WORK INSTRUCTIONS:
What you should give back is a precise copy of the lines below from the one containing "Used 2020 Honda CR-V Touring image 17" through the one containing "2 bedroom bungalow", with no pictures.

ENTRIES PROVIDED:
※ ※ ※
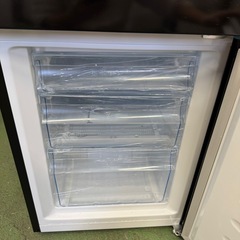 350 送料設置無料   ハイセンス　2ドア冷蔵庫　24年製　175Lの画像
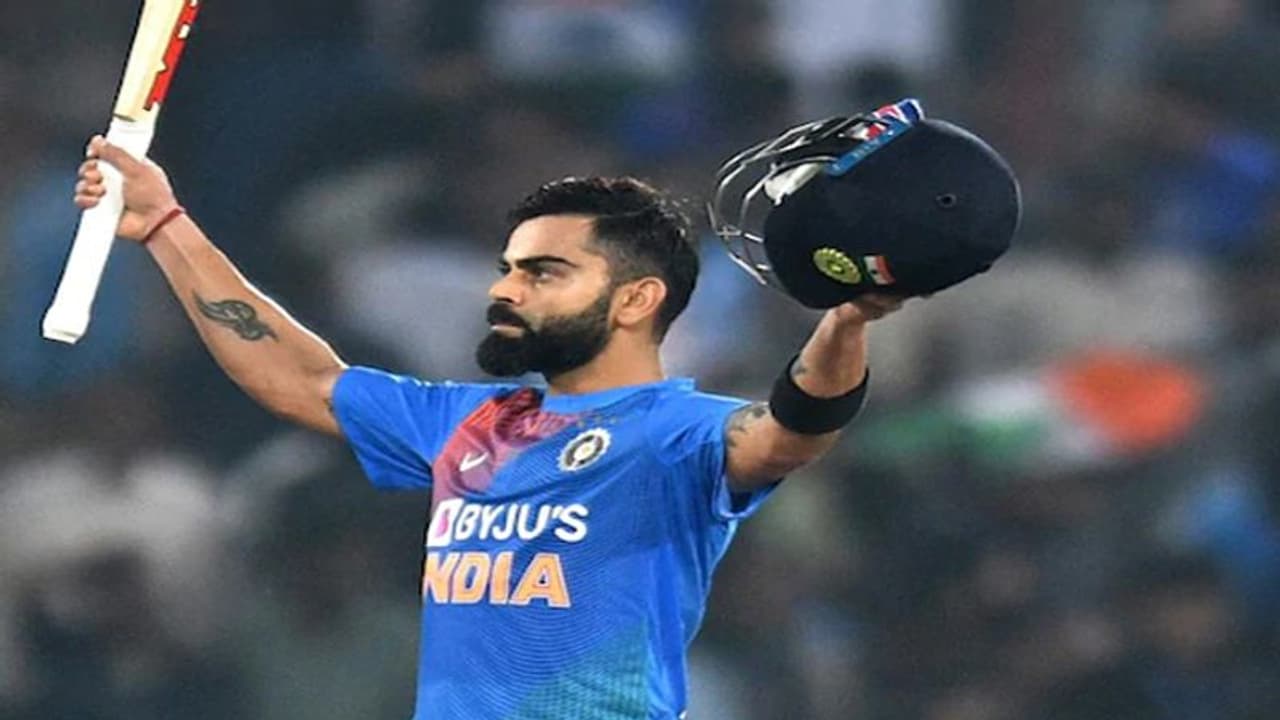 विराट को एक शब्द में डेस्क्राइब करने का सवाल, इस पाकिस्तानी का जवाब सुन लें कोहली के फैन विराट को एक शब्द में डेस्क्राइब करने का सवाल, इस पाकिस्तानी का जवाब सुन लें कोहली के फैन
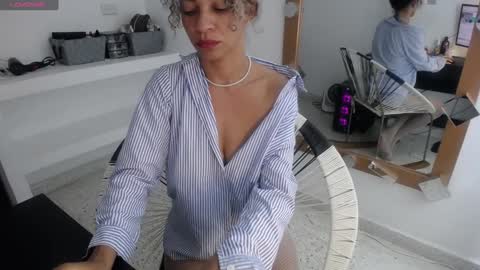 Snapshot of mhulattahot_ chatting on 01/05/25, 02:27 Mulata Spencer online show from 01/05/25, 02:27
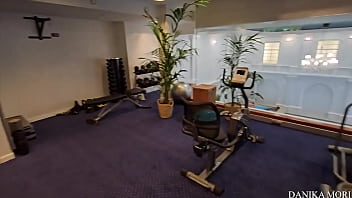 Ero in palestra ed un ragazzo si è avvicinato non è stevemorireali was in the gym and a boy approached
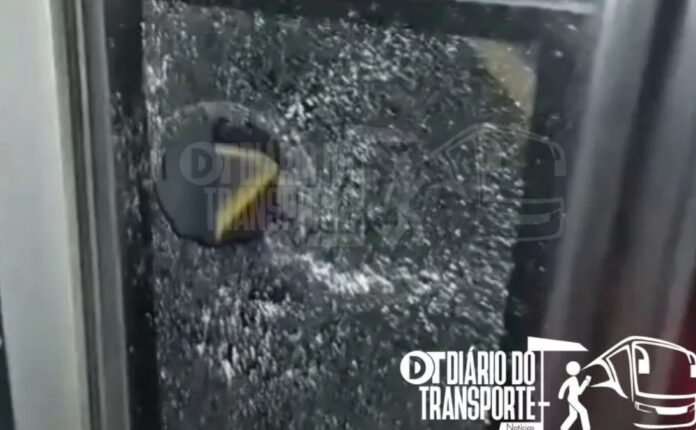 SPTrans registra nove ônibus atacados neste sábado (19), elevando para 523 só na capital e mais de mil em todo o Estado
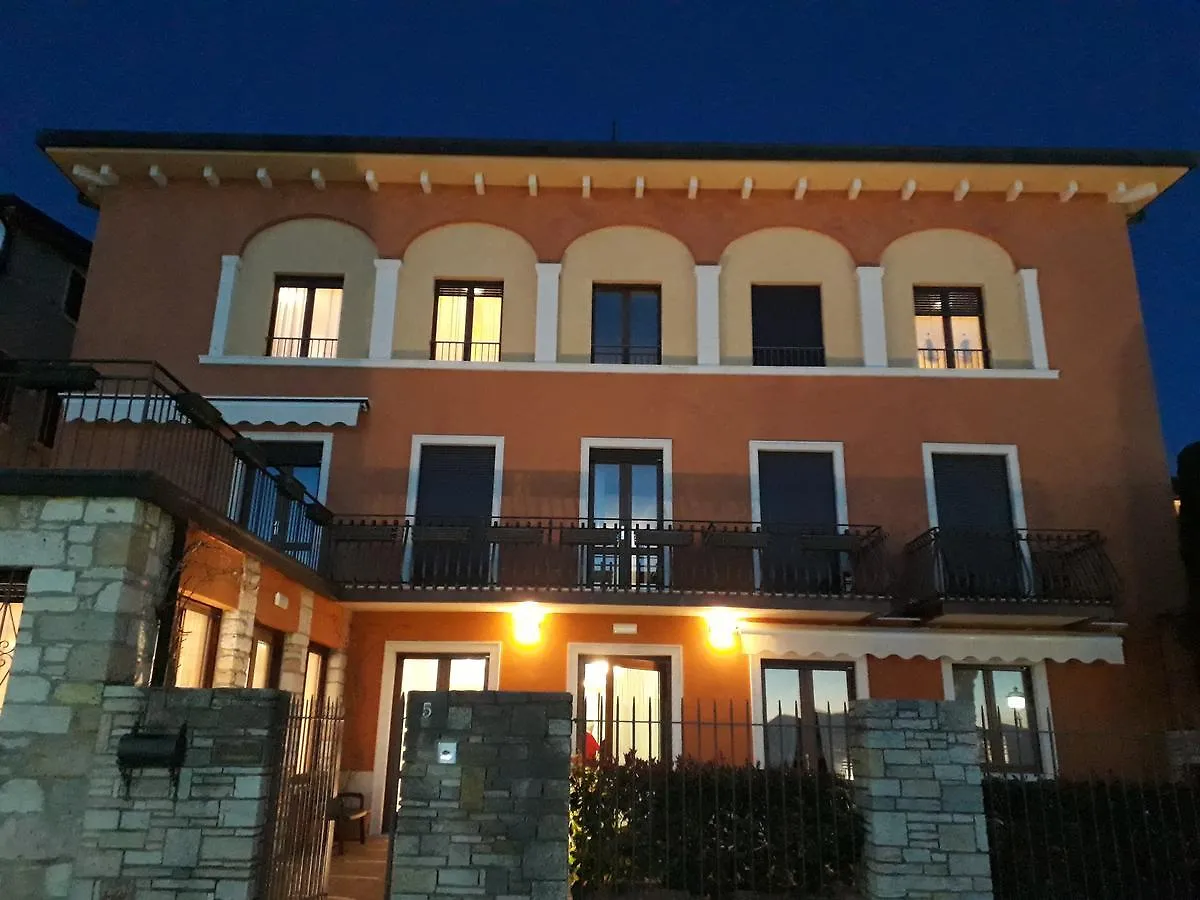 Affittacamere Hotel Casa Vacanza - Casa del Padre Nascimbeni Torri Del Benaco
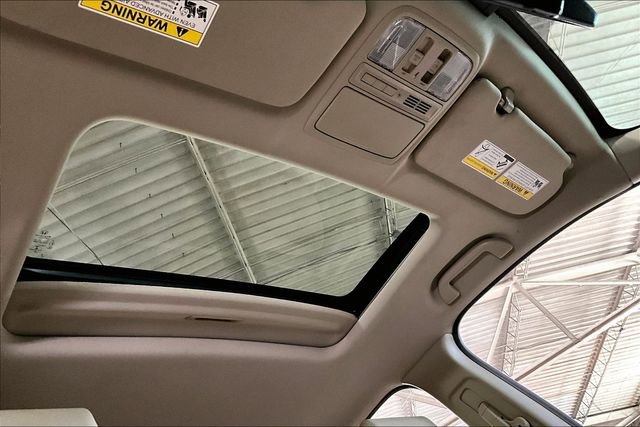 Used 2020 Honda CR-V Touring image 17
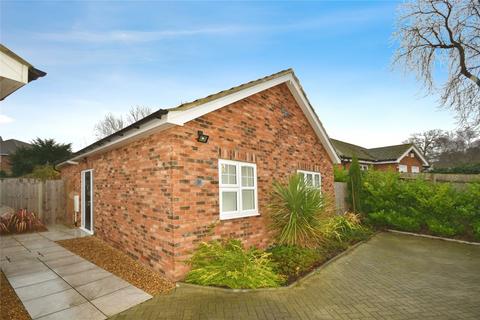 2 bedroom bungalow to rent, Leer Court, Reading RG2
※ ※ ※
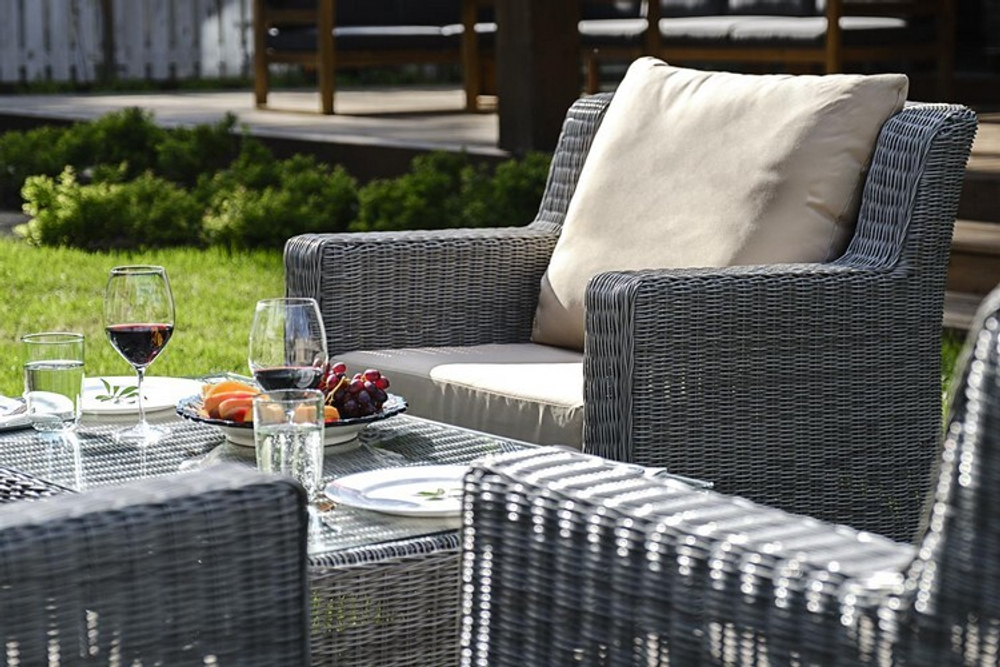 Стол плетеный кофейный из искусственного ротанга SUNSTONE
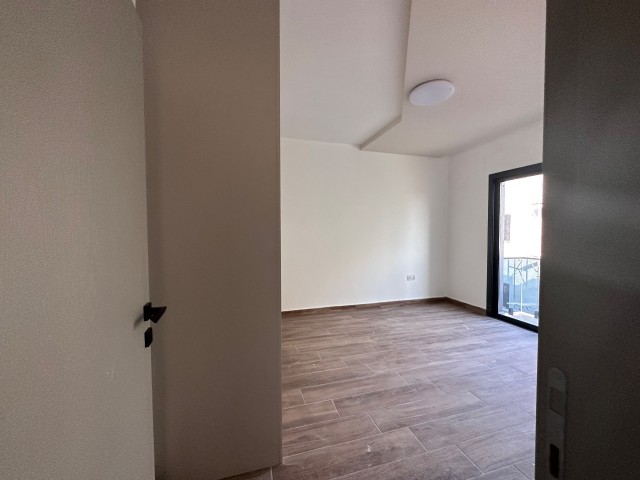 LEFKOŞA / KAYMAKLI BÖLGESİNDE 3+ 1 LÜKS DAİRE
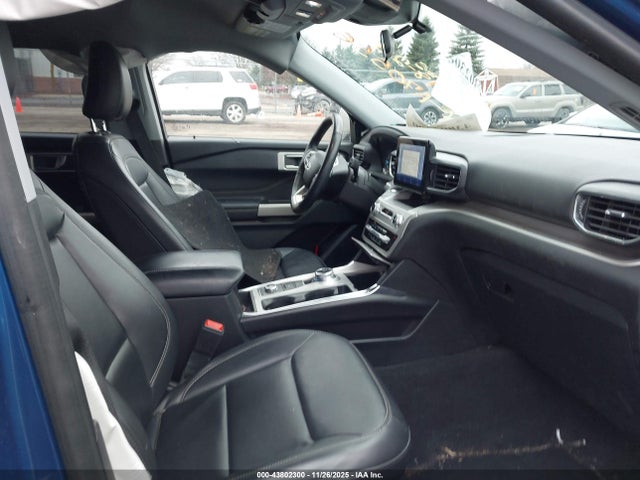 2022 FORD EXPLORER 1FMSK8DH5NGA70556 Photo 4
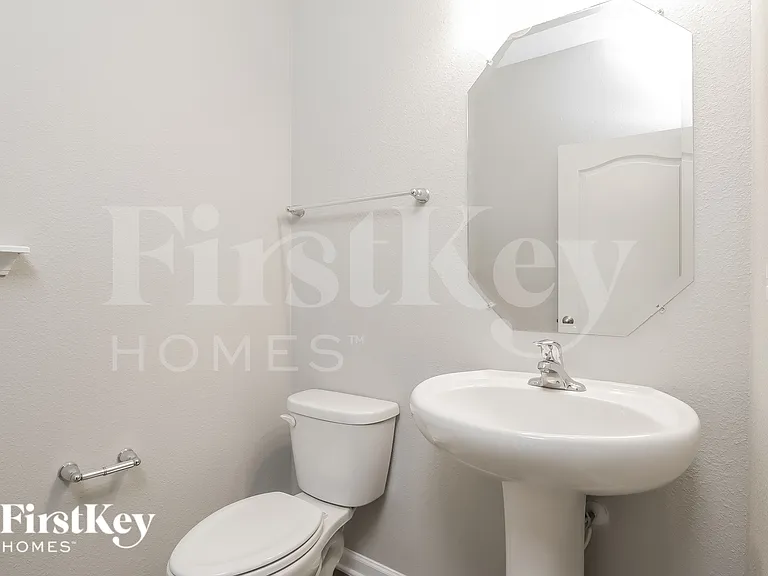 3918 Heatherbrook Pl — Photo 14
※ ※ ※
EXERCISE RESPONSE:
 Used 2020 Honda CR-V Touring image 17
 2 bedroom bungalow to rent, Leer Court, Reading RG2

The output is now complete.